That you learned from it is good. Pray tell, WHAT did you learn? 
Also what did your mates say when you told them? 

You still haven't told us what art you're studying :uhyeah: inquiring minds wanna know.


----------



## Paul-M (Jun 8, 2008)

Well mainly never to go anywhere in town alone at night, and if it happens again to just let them take what they want, or run if possible.

I train in Shaolin Nam Pai Chuan (www.cardiffcentralkungfu.org.uk) but I also cross train in boxing and jiu jitsu, although not that often.


----------



## Omar B (Jun 8, 2008)

Only fight when there is no other option man.  There are weird legalities about being a martial artist that can actually get you sued in some places for beating your attacker to savagly.


----------



## Andy Moynihan (Jun 8, 2008)

Don't even give 'em anything , don't even stop to pull out any money just split. _Hard._

The longer you stay in their presence the worse your chances of escaping unscathed get( who knows what the other 4 may have been maneuvering around to do while the "mouth" of the group was distracting you). Good thing they were unprepared for a resisting mark.

If they chase, the one good thing is they won't chase all at the same speed, they'll string out in a line so if they catch up you may get to nail the closest real good and keep going before the rest catch up, and keep distance that way.

If you are trapped in the midst of all of them, pick either A) the weakest looking one in the circle or B) the one acting as "Mouth", and go for THAT one and get out of that circle.

If you cannot escape the circle or are forced onto the ground it is killing time because the "boot party" is where 90-plus percent of all unarmed homicides occur. If you have not picked up techniques which are high-percentage for this kind of threat, pick some up.

Better than all this would be to give up drinking and nightclubs, or at least confine drinking to a safe location where you know you'll be spending that night and not going out.


----------



## KenpoTex (Jun 8, 2008)

Andy Moynihan said:


> Don't even give em anything , don't even stop to pull out any money just split. _Hard._
> 
> The longer you stay in their presence the worse your chances of escaping unscathed get( who knows what the other 4 may have been maneuvering around to do while the "mouth" of the group was distracting you). Good thing they were unprepared for a resisting mark.
> 
> ...


 
Agreed, with slight modification of the part I bolded.  If you are dealing with multiples, it should be deadly force from the beginning due to the disparity of force.
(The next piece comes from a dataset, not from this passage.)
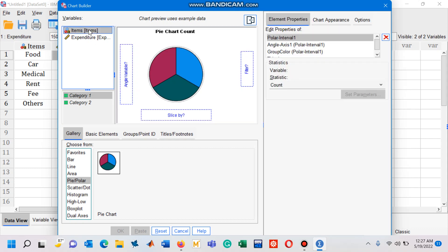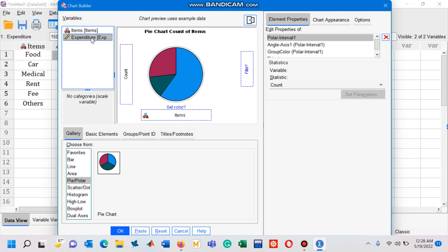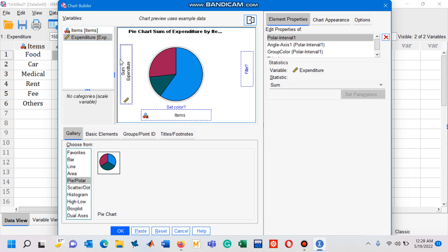Now select the first variable, items, and drag it to the horizontal axis. Now you have to hold the second variable, expenditure, and drag it to the y-axis.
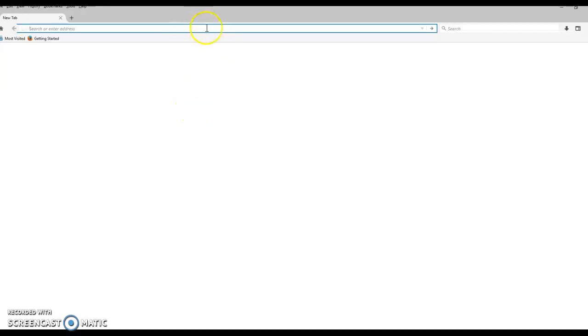Hi everyone. I wanted to show you how to download Minitab, as the directions have changed. So I'm going to create a video.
Overall, I can't really say that I fault the actions of the OP.  Who's to say that his willingness to engage didn't save him from worse damage?  Aggressiveness is not a trait to be discouraged, just applied with discretion.


----------



## Andy Moynihan (Jun 8, 2008)

kenpotex said:


> Agreed, with slight modification of the part I bolded. If you are dealing with multiples, it should be deadly force from the beginning due to the disparity of force.
> 
> Overall, I can't really say that I fault the actions of the OP. Who's to say that his willingness to engage didn't save him from worse damage? Aggressiveness is not a trait to be discouraged, just applied with discretion.


 

Exactly. If *you* don't know why "they" shouldn't mess with you, how will "they"?


----------



## Kacey (Jun 8, 2008)

You were there; we weren't.  You were in the situation and had the chance to assess it; we didn't.  Nonetheless, given the option, I will always avoid situations where such things might happen whenever possible; when not possible to avoid such a situation, or when my foresight fails, I will leave as soon as possible.  Money and possessions can be replaced - so if I need to cough up either one as a means of facilitating my exit, I will; luckily for you, money was _all_ you lost.


----------



## MA-Caver (Jun 8, 2008)

kenpotex said:


> Agreed, with slight modification of the part I bolded.  If you are dealing with multiples, it should be deadly force from the beginning due to the disparity of force.
> 
> Overall, I can't really say that I fault the actions of the OP.  Who's to say that his willingness to engage didn't save him from worse damage?  Aggressiveness is not a trait to be discouraged, just applied with discretion.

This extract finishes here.